Obtain passports and visas well beforehand, says Todd Jackson, senior manager, safety and insurance, at Hockey Canada.

If parents aren’t going along, get “a notarized letter from the parents providing permission for the child to travel with the group,” says Jackson, and check whether the host country or your sport governing body has further required procedures and forms.

Jackson recommends holding a meeting with parents to discuss trip details and prerequisites.

Bring in extra help
Hire a team manager to handle “logistics, arrangements, bookings, any little odd things and to troubleshoot,” says Jean-François Roy, talent development coordinator with Athletics Canada. This frees up coaches to coach, and athletes to compete.

Chaperones are a big help with supervision, but must be well prepped. They must also be properly screened as per a sport governing body’s requirements, says Jackson.

Health and safety measures
Gather athletes’ health information. “Many sport governing bodies have health history forms that already exist, so it’s just a case of making sure those are up to date,” says Jackson.

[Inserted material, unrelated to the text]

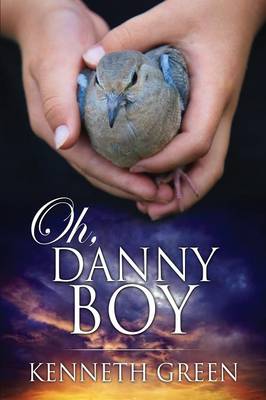 Book cover for Oh, Danny Boy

Besides provincial health insurance, and the policies that sports organizations usually carry, parents are advised to purchase additional travel insurance for their child. “It specifically should cover players for sport-type injuries,” says Jackson.

Know the location of hospitals near your destination and how to contact emergency services.

When travelling, says Roy, the team manager should “always carry a binder with everything: all the bookings, the reservations you’ve made, plane tickets for everyone, the emergency contact information.” Store copies of important information separately, just in case.

Have players carry an emergency card, says Jackson, “so they know how to get in touch with team representatives.”

Manage all that youthful energy
When it’s time to take in the sights, young athletes must go in groups, wear their accreditation badges as ID and “inform us of where they’re going and their expected time of return,” Roy says.

Roy also insists on what’s sure to be the least popular measure of all: curfews for under-age athletes.